# Liberty Movement > Liberty Campaigns > Liberty Campaign Evaluation >  Campaign Evaluation: David Jolly (U.S. House, FL-13)

## Bryan

This thread is intended to be a collection point of the strong pros and cons of any potential liberty candidate / campaign that is being discussed / promoted on the forum. You are welcome to post both positive and not-so-positive attributes about the candidate as they related to their position on supporting liberty as well as issues relating to their campaign. The most important information may be aggregated in this top post for easy reference.
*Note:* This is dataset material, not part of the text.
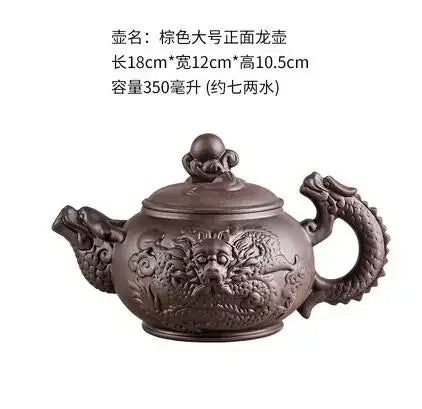 Yixing-Purple Sand Ceramic Teapot, Large Capacity, Pure Handmade, Plum Blossom, Dragon Phoenix, Household, Kungfu Tea Set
*Candidate Name:* David Jolly
*Office Sought:* U.S. House
*Website:* http://davidjolly.com
*Social Media:* 
https://www.facebook.com/DavidJollyCD13
https://twitter.com/@DavidJollyCD13

*Candidate Profile: On the Issues*
Civil Liberties: [Rating TBD]
Constitutional Issues: [Rating TBD]
Economic Issues: [Rating TBD]
Foreign Policy: [Rating TBD]
Social Issues: [Rating TBD]
*Overall Issues Rating:* [Rating TBD]

*Race Profile: Competition & Demographics*
State: Florida
District: 13
Incumbent:
Other Primary Candidates: 
Non-Incumbent Candidates from Other Parties: 
Relevant poll numbers: None.
*Overall Race Profile Rating:* [Rating TBD]

*Miscellaneous Pros/Cons*
Key strong points: 

Unknown points for further research:

Possible weak points:

Possible deal breakers:

*Overall Rating:*

----------


## CG1976

Just announced his full support of John Boehner on Larry King's show about a week ago.

----------


## compromise

The special election is over and he won, so there's not much point of this thread any more. He's not going to lose his seat.

----------


## jeffro97

His only opposition is from a Libertarian candidate named Lucas Overby. A Democrat was entered in the race, but dropped out last minute after pretty much being pushed out of the party. 

Jolly's record in Congress can be summed up pretty much into one word: establishment. Votes for gun control, more spending, disrespect for the 4th Amendment, and so on.

----------


## philipped

I WANT OVERBY TO WIN

----------